With the calm and peace that all published polls give him, Andrés Manuel López Obrador (AMLO) is taking the liberty not to ask people to vote for him but rather, to ask for the vote on behalf of the candidates to the Congress of his coalition, since he wants to have a majority. While his adversaries José Antonio Meade and Ricardo Anaya are busy in a smear campaign against each other, taking the time once in a while to criticize AMLO, Mr. Andrés doesn't even bother to mention them in the spot he will use to kick off his campaign. He prefers to mention how he is planning on selling the “presidential plane not even Trump has” and how he has even offered it to the U.S. President. Meanwhile, Meade focuses his campaign on his career as a public servant and on making claims that he doesn't have ranches or launders money – in a direct hint towards Anaya – all while Anaya smears the candidate of the PRI, sends clear messages of what sets him apart from AMLO, and gets political figures – including the Mayor of Mexico City, Miguel Ángel Mandera – to talk well about him. When the hour of truth comes, we'll see if someone will still be able to take the liberty of not asking the vote for himself.

Sharing a meal and an adversary

Last week, two governors of the left Democratic Revolution Party (PRD) met in Mexico City and shared a meal at a restaurant in the Alameda.
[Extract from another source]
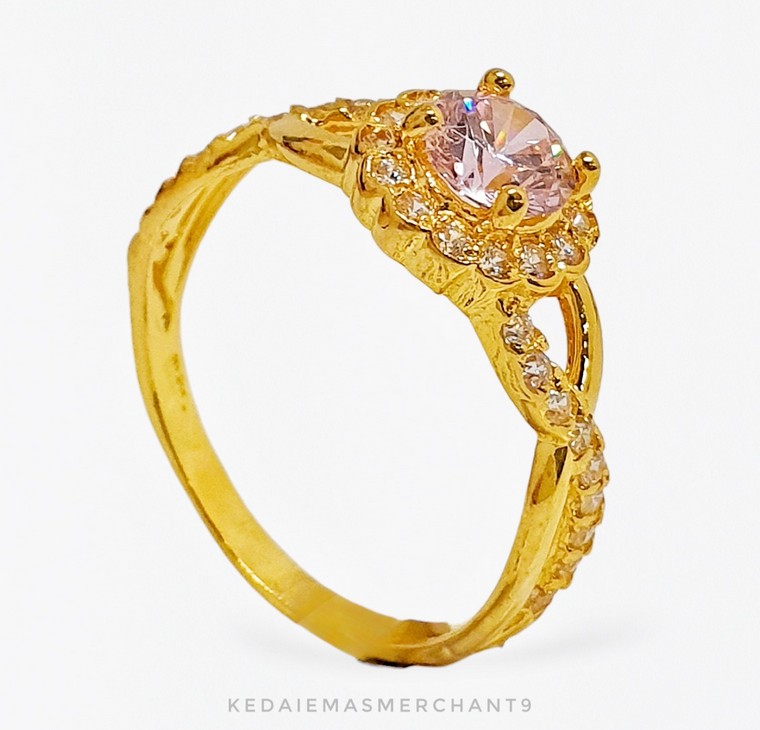 Merchant9 Cincin Emas Permata 6668 Pink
Arturo Núñez , of Tabasco, and Graco Ramírez , of Morelos, shared a table and a chat in which none smiled all that much. What do these two PRD members have in common? The answer is that in the states of both governors, the candidates of the left National Regeneration Party (MORENA) are favored by the polls, reason why they could have exchanged a few tips during their conversation to contain MORENA in their respective states, taking advantage that both know well their political rival.
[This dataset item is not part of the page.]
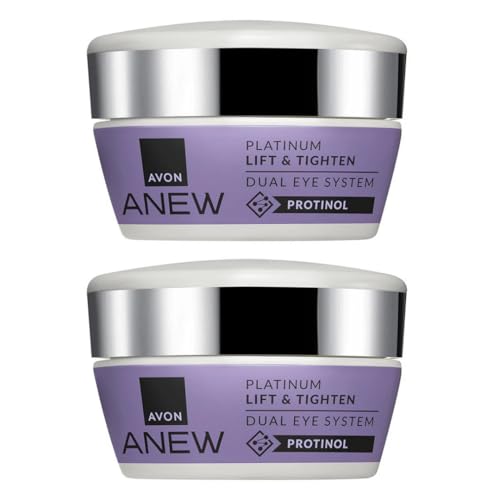 AVON Anew Platinum Eye Cream System Day & Night Duo with Protinol Anti-Aging Treatment for Firmer Eyes 0.67 fl oz Each 2 Pack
Puente, from the Senate to San Lázaro

We're told that the first possibility of the former commissioner of the National Institute for Transparency, Access to Information and Personal Data Protection (INAI), Ximena Puente , was to be nominated by the center-right Institutional Revolutionary Party (PRI) to a seat in the Senate through the plurinominal list. The plan of Ms. Ximena was to provide all her expertise in transparency and data protection from the Upper Chamber, until the PRI made her see her candidacy would be impassable and her work would be overshadowed by criticism and discredit over her decision to join the PRI, and thus, they chose to build Puente a bridge from Reforma and Insurgentes to San Lázaro and place her inside a safety bubble.

The UNAM and the dry grass

High ranking members of the left Democratic Revolution Party (PRD), experts in law, are quite offended with the authorities of the Faculty of Law of the National Autonomous University of Mexico ( UNAM ) for having held a roundtable where the “Technical Legal Analysis of the Anaya Case ” was discussed, last Thursday at the Main Hall of the Faculty. We have to add a certain concern to the offense, given that the electoral process is quite polarized and amidst the situations which have happened at University City as of late, the members of the PRD believe events such as this is akin to playing with fire in a dry grass. The offense escalated given that the dean of the University, Enrique Graue , had asked in previous days not to involve the UNAM in the campaigns. The PRD members, faithful to the colors of the University and who graduated from here, considered that the roundtable had a political motivation against the presidential candidate of the PAN-PRD-MC coalition and are wondering if the director of the Faculty of Law, Raúl Contreras, failed to listen to the words of Mr. Graue.